§ Given records:
▬▬▬

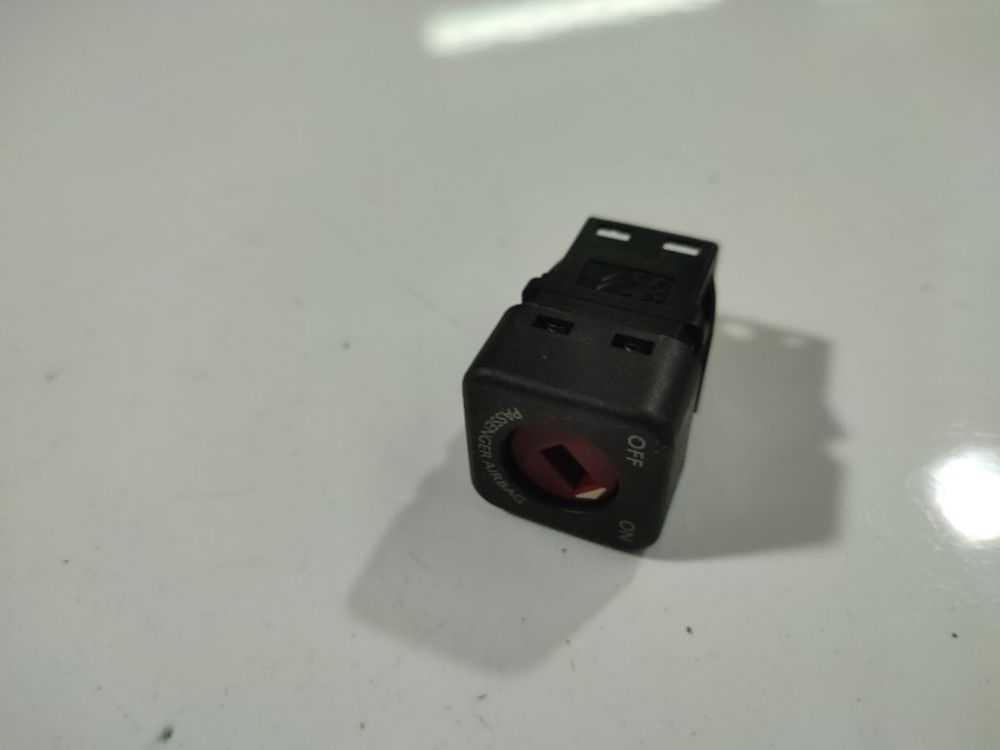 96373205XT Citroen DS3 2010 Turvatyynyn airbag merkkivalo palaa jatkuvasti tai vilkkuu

▬▬▬

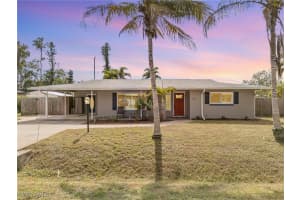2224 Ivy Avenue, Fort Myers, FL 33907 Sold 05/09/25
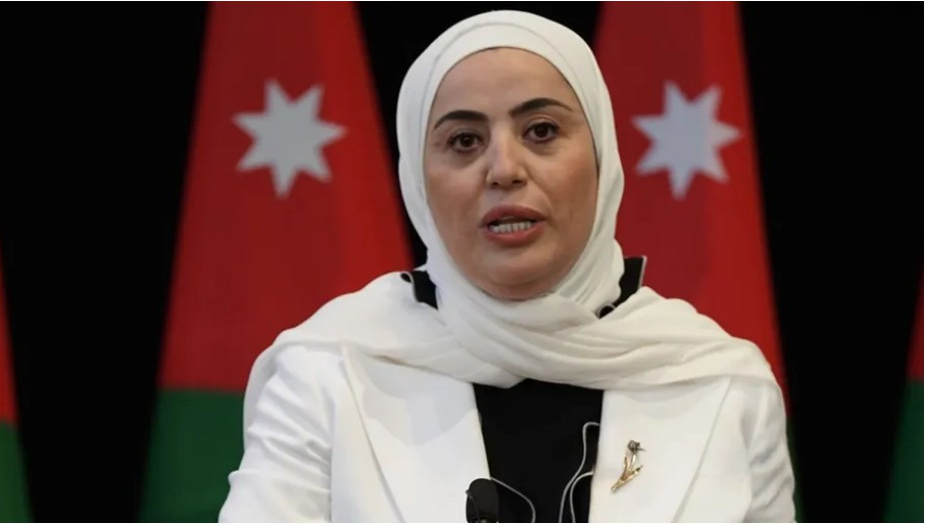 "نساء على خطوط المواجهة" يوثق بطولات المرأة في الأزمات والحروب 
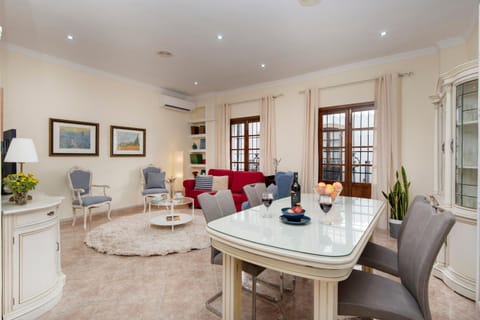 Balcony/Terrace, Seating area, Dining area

▬▬▬

§ Your objective: Within the listing above, the lines from the one with "في الأزمات والحروب" through the one with "Balcony/Terrace, Seating area, Dining area" are to be given again word for word. Do not include pictures.

§ Answer for the task:
 "نساء على خطوط المواجهة" يوثق بطولات المرأة في الأزمات والحروب 
 Balcony/Terrace, Seating area, Dining area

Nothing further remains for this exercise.